## Assigned task:
Write out every line of the material as it stands, apart from the pictures.

Data segment Start Marker

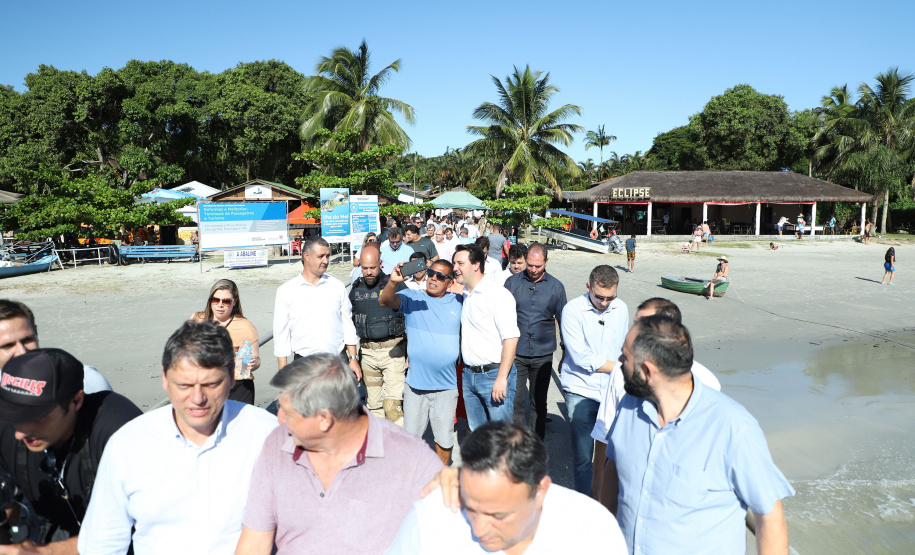 O governador Carlos Massa Ratinho Junior assinou nesta quinta-feira (27) a ordem de serviço para o início das obras de reforma e melhorias nos trapiches de Nova Brasília e Encantadas, na Ilha do Mel, em Paranaguá. O ministro de Infraestrutura, Tarcísio Gomes de Freitas, participou da solenidade. O investimento de R$ 9,5 milhões são da empresa pública Portos do Paraná. As obras devem demorar cerca de sete meses. - Curitiba, 27/02/2020 - Foto: José Fernando Ogura/AEN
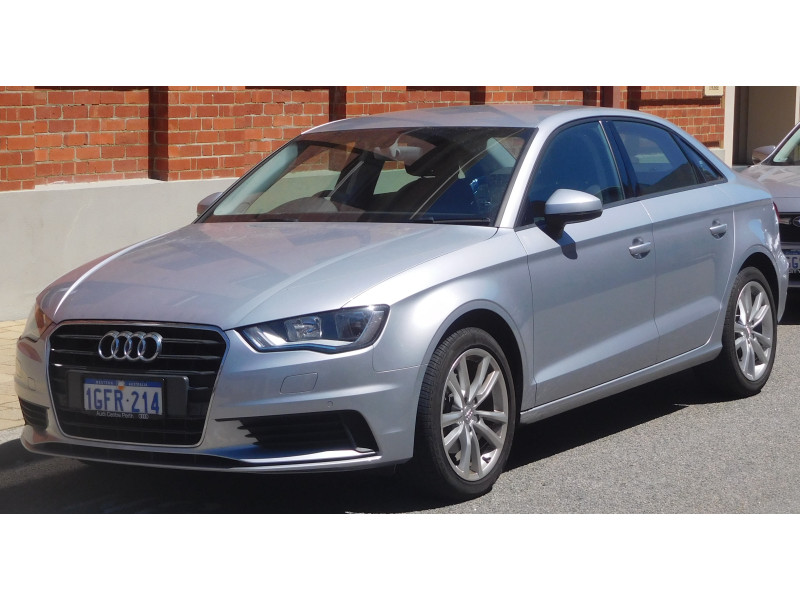 Бампер задній Audi A3 8V седан 2012-2016 FPS 8V5807067GRU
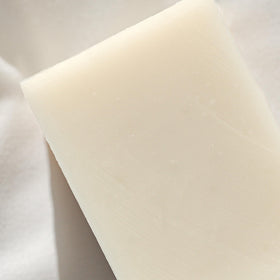 Osmia creamy lather texture demonstrating mild, moisturizing foam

Data segment End Marker

## Answer to this task:
 O governador Carlos Massa Ratinho Junior assinou nesta quinta-feira (27) a ordem de serviço para o início das obras de reforma e melhorias nos trapiches de Nova Brasília e Encantadas, na Ilha do Mel, em Paranaguá. O ministro de Infraestrutura, Tarcísio Gomes de Freitas, participou da solenidade. O investimento de R$ 9,5 milhões são da empresa pública Portos do Paraná. As obras devem demorar cerca de sete meses. - Curitiba, 27/02/2020 - Foto: José Fernando Ogura/AEN
 Бампер задній Audi A3 8V седан 2012-2016 FPS 8V5807067GRU
 Osmia creamy lather texture demonstrating mild, moisturizing foam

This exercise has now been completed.